LLVM Backend for the VideoCore4, Raspberry Pi 2 VPU

willvarfar · on May 2, 2016

It bugs me that LLVM targets are not properly 'plug in'.

LLVM backends can be in a plugin, but you have to tell the frontend which target to use (so it can use the correct data-layout etc). Its the frontends that don't support plug-in targets. Clang, for example, hardcodes the supported targets.

A combination of using enums as a 'target triple' and lack of dynamic target registration conspire against easy-to-use out-of-tree targets :(

krasin · on May 2, 2016

Out-of-tree targets for LLVM are generally a bad idea given how fast LLVM is changed. Every change could break the out-of-tree target, and being out-of-tree, there's no way the upstream developers could notice that.

sklogic · on May 3, 2016

The other side of this approach is that when the mainline developers do not have much love to a particular platform, it is dropped altogether with little to no remorse - see the fate of Microblaze support, or even the good ol' C backend.

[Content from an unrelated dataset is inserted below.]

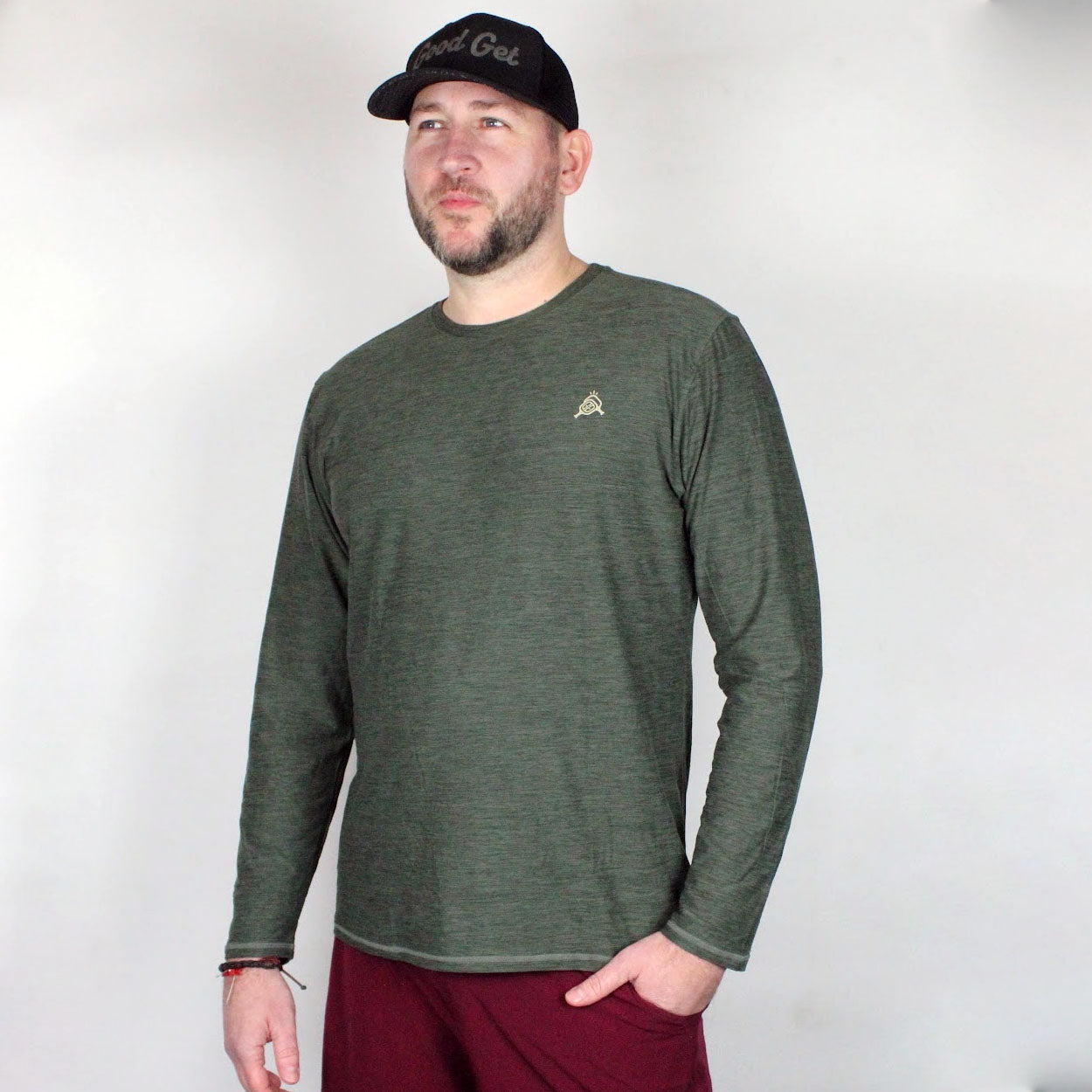 A man with a beard wears a black cap, red pants, and the Good Get AeroBliss Performance Long Sleeve T-shirt in green, featuring a small chest logo. He stands against a light background with one hand in his pocket, looking slightly to the side.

I wish we had a more stable API (maybe with a transformation layer) for the backends that may not probably need much of the new features. If LLVM had a maintained transformation layer from the "current" SelectionDAG to a stable one, it would have helped a lot.

DannyBee · on May 2, 2016

"A combination of using enums as a 'target triple' and lack of dynamic target registration conspire against easy-to-use out-of-tree targets :(

Have you considered this is a deliberate decision, with a goal of having most targets in-tree? :)

willvarfar · on May 3, 2016

Which makes developing a large backend a lot of pointless busywork with patchsets touching parts of the codebase that really ought not need touching at all :(

(I'm someone who was stuck on 3.6 for ages because of the pain of keeping up with the trunk)

duaneb · on May 3, 2016

Why is this beneficial? It means you need to change several repositories to add one target triple. This may be a win in terms of in-tree stability, but it reduces accessibility to everyone else.

sanxiyn · on May 3, 2016

It is beneficial in that it discourages proprietary backends to LLVM which are not contributed back to LLVM. It is the same benefit GCC enjoys by using GPL.

crazysim · on May 3, 2016

Does Apple have some proprietary backends? I guess they have the resources to maintain such.

duaneb · on May 3, 2016

Yes, they definitely do.

gsnedders · on May 3, 2016

Like what, nowadays? I know their ARM64 backend was, but what is now? Do they still maintain forks of them? (With more target data for their SoCs?)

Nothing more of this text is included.